CSCI 699: Adversarial and Trustworthy Foundation Models (Spring 2026)

USC banner

To Students: This website is under construction; please check back frequently. Course logistics may change.

Catalogue Description: Security, privacy, and trust in large language, vision-language, and agent models; adversarial attacks and defenses.

Course Description: This advanced graduate seminar examines security, privacy, and trust in large-scale AI systems, including large language models (LLMs), vision-language models (VLMs), and autonomous agents. The course integrates theoretical foundations with recent research on adversarial attacks and defenses, robustness evaluation, alignment, transparency, and trustworthy deployment of foundation models.

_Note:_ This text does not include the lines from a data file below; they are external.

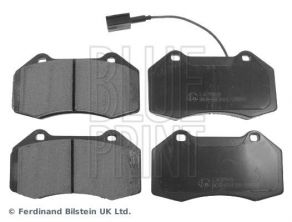 Blue Print ADL144208 - Brzdové platničky -
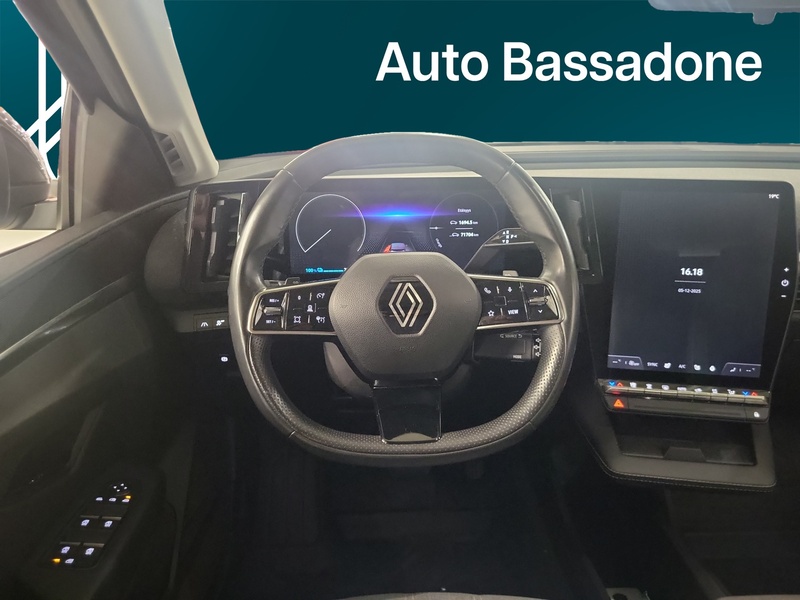 Renault Mégane vaihtoauto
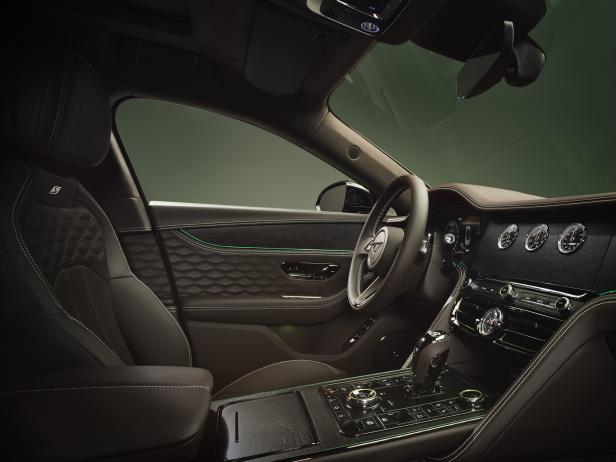 Bentley Motors 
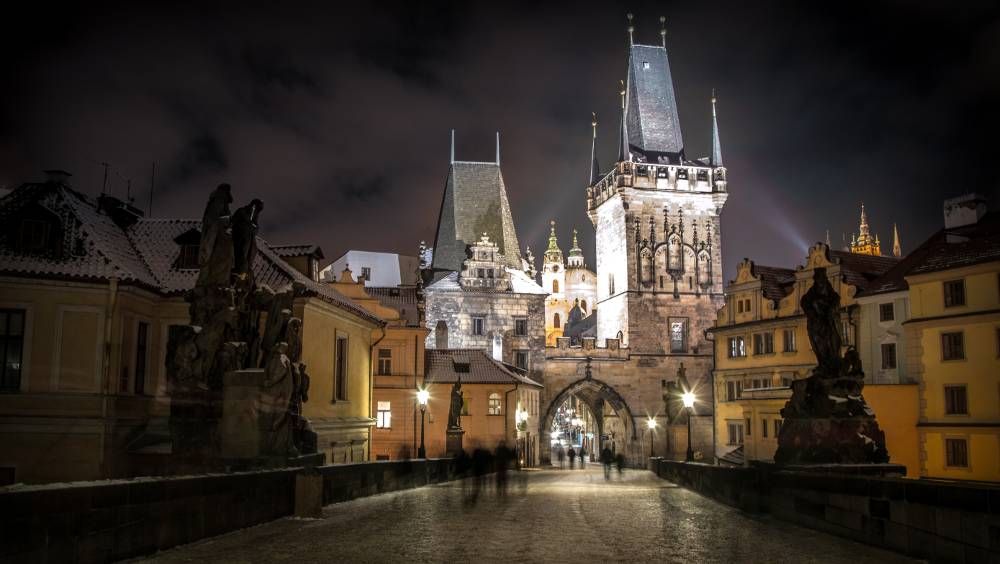 Prague Centre Plaza
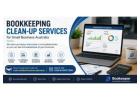 Bookkeeping Clean-Up Services Australia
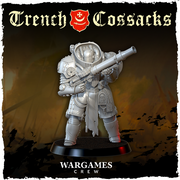 PAZER COSSACKS IN MECHANICAL PANTSYR #5 - Only-Games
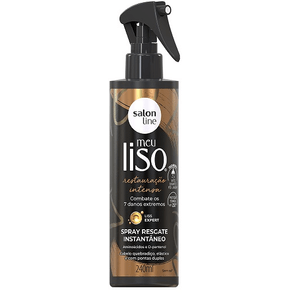 Spray Cap S/Line Meu Liso Restauração Intensa 240ml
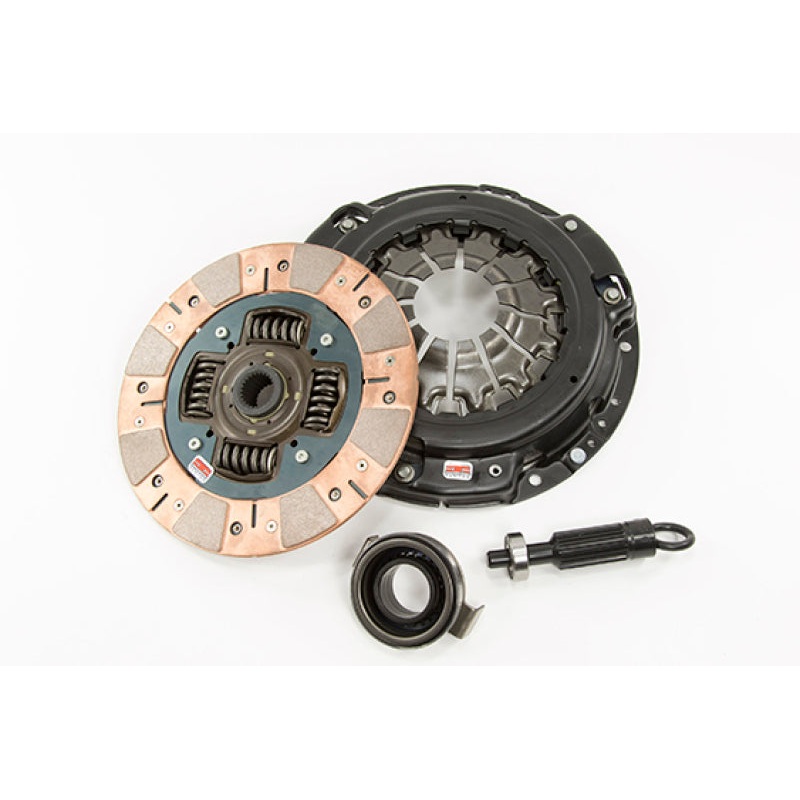 Competition Clutch 94-05 Mazda Miata 1.8L BP/B6 Stage 3.5 – Segmented Ceramic Clutch Kit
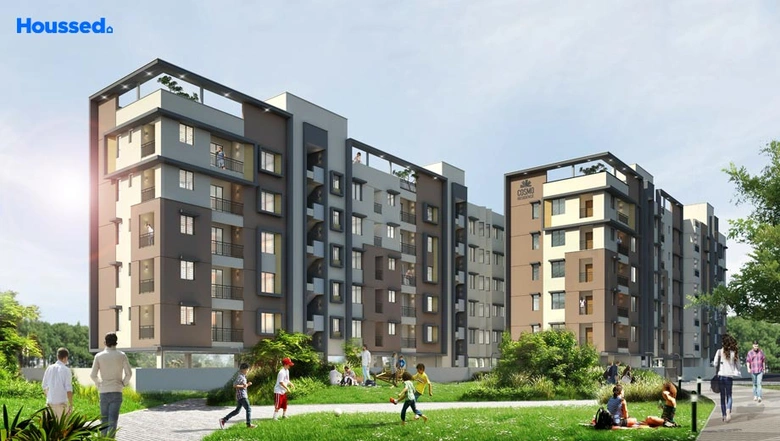 Project Image of Sudarsan Cosmo Residence in Tambaram, Chennai - Image 133986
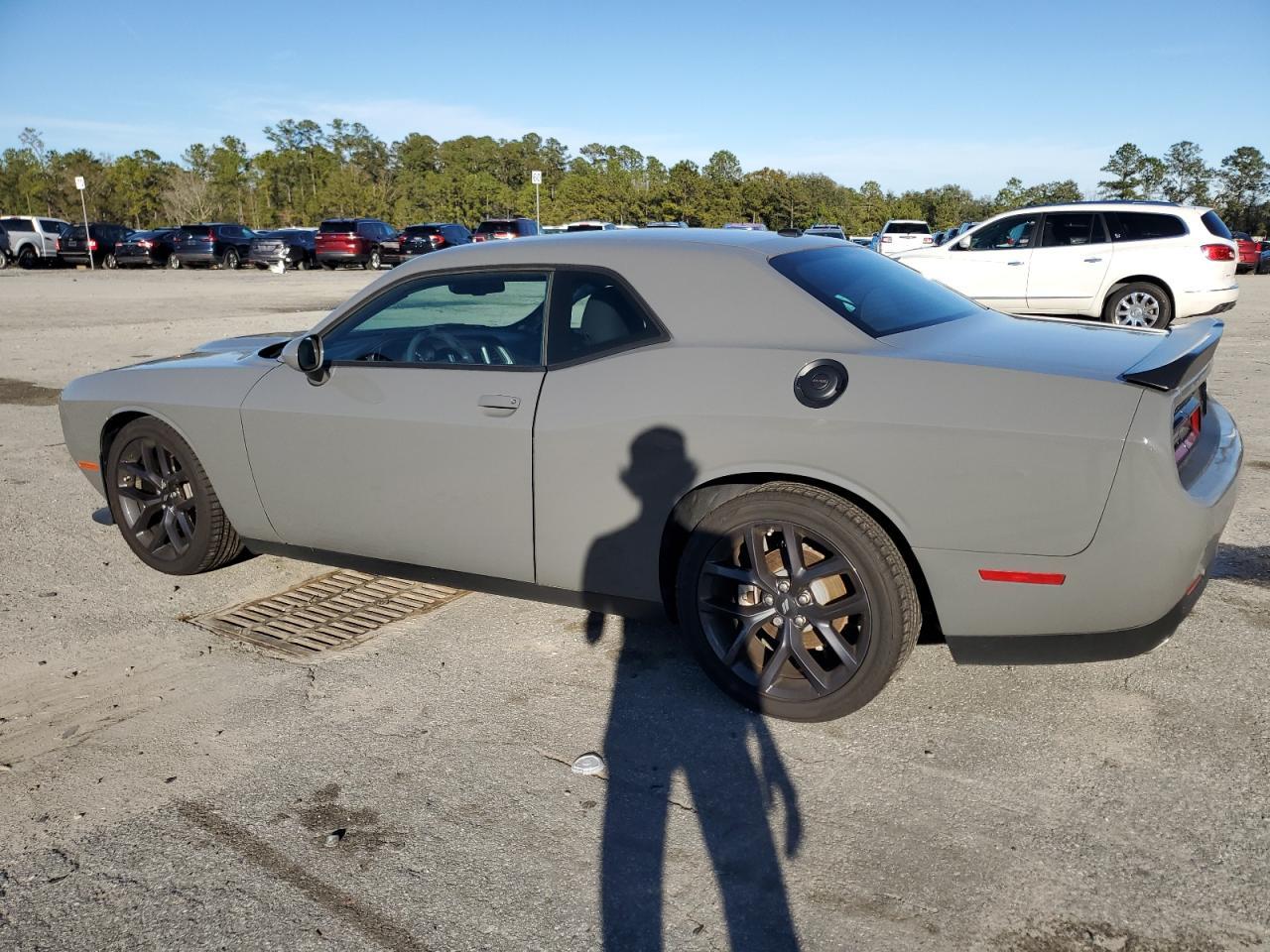 2023 DODGE CHALLENGER - Фото 2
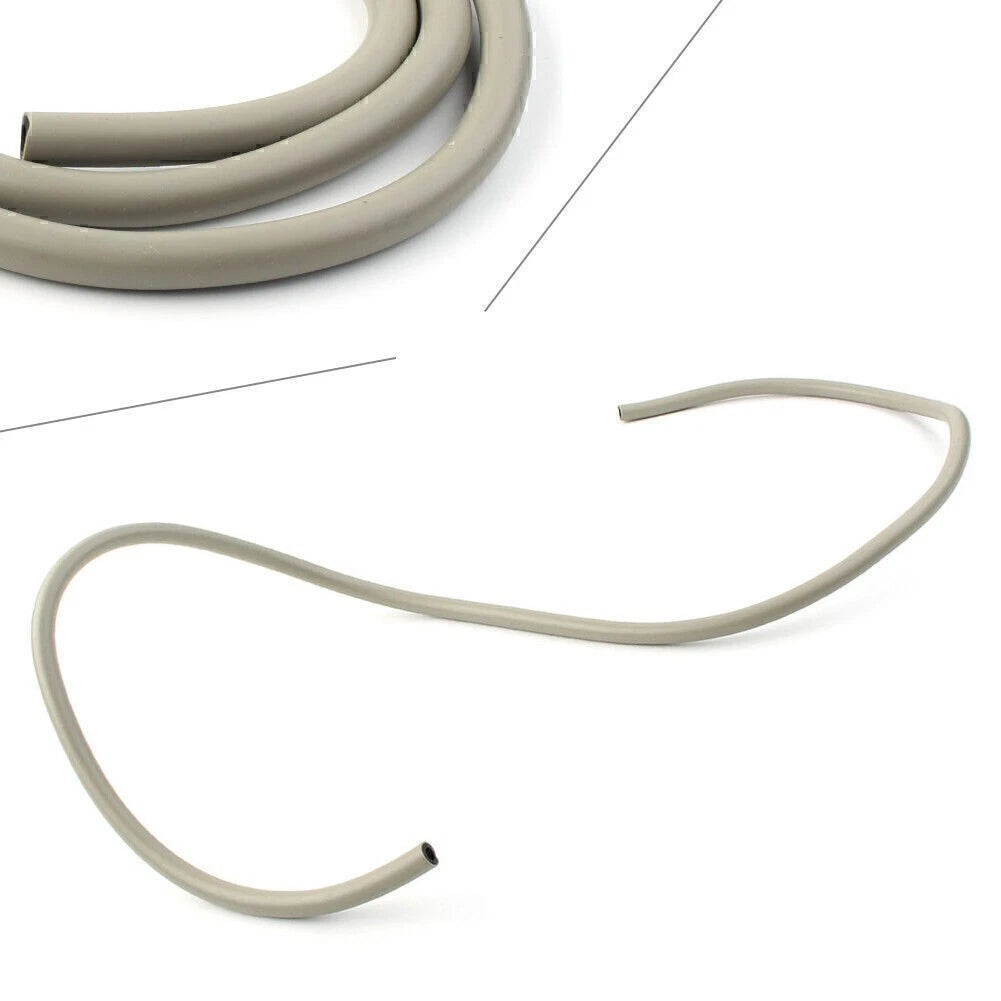 Oil Hose Fuel Line Tube for Motorcycle Dirt Pit Bike ATV Gray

Recommended Preparation: Deep learning/machine learning knowledge on the level of CSCI 566 and CSCI 567 (not a prerequisite though); familiarity with Python and modern AI frameworks (e.g., PyTorch). Prior exposure to large-scale ML, trustworthy AI, or security topics is helpful but not required.

Basic logistics:

Learning Objectives: Students will learn to evaluate security, privacy, and robustness properties of foundation-model systems; analyze threat models and attack vectors; design experiments and metrics; assess defenses and alignment methods; and complete a research-grade project connected to adversarial and trustworthy AI.

Assessment: Paper Presentations (30%), Homework/Experimental Assignments (10%), Semester Research Project (50%), Participation (10%).

Course Format: Weekly seminar with student-led paper presentations, in-class discussion, and a semester-long project. Materials and submissions will be managed via Brightspace and related tooling (e.g., Gradescope/GitHub Classroom when applicable).